Le monde selon Radiohead, documentaire étrange mais néanmoins captivant
Vendredi dernier était diffusé sur Arte le documentaire réalisé par le français Benjamin Clavel « Le monde selon Radiohead ». Le film se propose de sonder la carrière du groupe et d’ausculter les mots/maux que le chanteur disperse depuis leurs débuts sous le nom d’On a Friday jusqu’au dernier album en date A Moon Shaped Pool, soit près de trente ans de musique et autant de messages politico-philosophiques adressés au subconscient de son fidèle auditoire. L’objectif du film est de montrer ce qui dans l’instrumentarium et les textes du groupe fait de Radiohead une entité indissociable de son époque et un symbole de revendications universelles et de contemporanéité.
Les intervenants sont presque tous issus de la sphère littéraire (auteur, biographe, philosophe, romancier), ce qui confère toute son originalité au film, loin des postures à l’honneur traditionnellement dans ce type de documentaires. Chacun d’eux y va ainsi de son parallèle entre le groupe et les thèmes chers aux grandes figures de la littérature que sont George Orwell (la dystopie), Noam Chomsky (la critique de la médiacratie) ou Thomas Pynchon (les concepts scientifiques). L’exemple le plus intéressant de cette intellectualisation est donné avec « Fitter Happier » (Ok Computer) qui schématiserait la posture d’opposition et de sensibilisation à l’œuvre chez Radiohead qu’il faut toutefois distinguer d’un engagement politique manifeste. Parmi les intervenants, l’auteur Michel Delville résume parfaitement l’idée : « Il y a des choses que vous pouvez faire à votre échelle pour améliorer votre sort et il est nécessaire pour arriver à ce but d’être critique, de pratiquer l’art du soupçon qui caractérise toute l’œuvre de Radiohead ». Au gré d’extraits de concerts, de clips, d’interviews de Yorke (trop rares malheureusement) mais aussi d’images sorties de l’imagination du réalisateur, on navigue avec les intervenants autour de nombreux sujets allant du nucléaire aux accidents de voiture, en passant par le « Pay what you want » d’In Rainbows et... le poumon d’acier. Le parti-pris de contextualiser voire de conceptualiser ainsi la production du groupe est très louable et offre un regard neuf sur un groupe dont on croit pourtant tout connaître.

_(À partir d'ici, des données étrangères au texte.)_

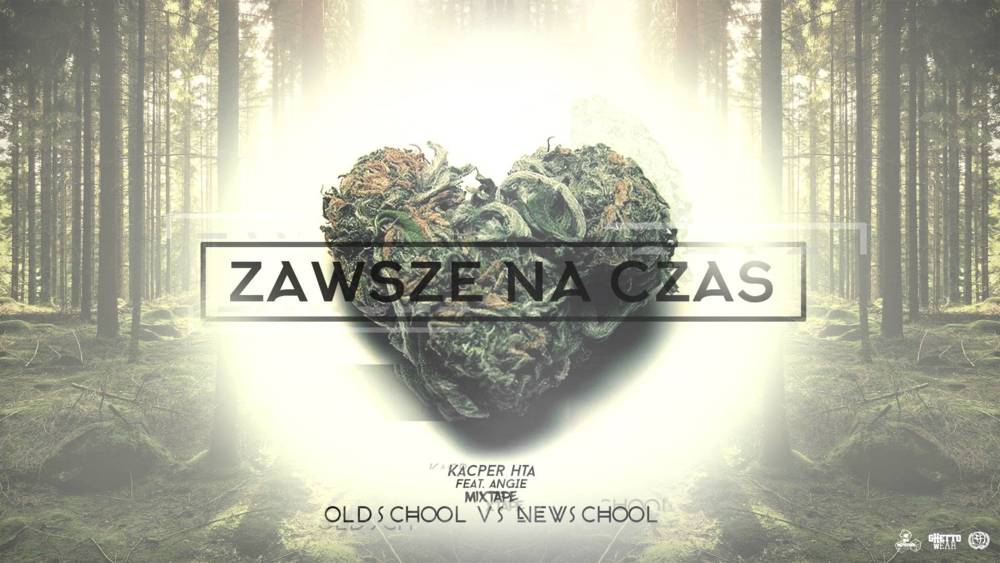 Album cover art for "Zawsze na czas" by Kacper HTA & Angelika Anozie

C’est néanmoins un sentiment étrange que laisse ce documentaire, à l’image, au fond, de celui laissé par « Fitter Happier ». Aussi interrogeant soit-il, il nous ferait presque oublier que Radiohead est avant tout un groupe de pop dont l’art est avant tout influencé par le jazz, le rock, l’électronique et la musique classique contemporaine (ce que le vénérable Steve Reich vient heureusement rappeler dans la seconde partie du documentaire), plus que par les tweets débiles de Donald Trump ou les dérives consuméristes. Et c’est d’ailleurs à un acteur-clé de l’histoire que revient le dernier mot au générique pour rappeler la véritable vocation de Radiohead et illustrer toute l’ironie et le paradoxe de ce film.
« Le monde selon Radiohead » est déjà disponible en replay sur le site d’Arte.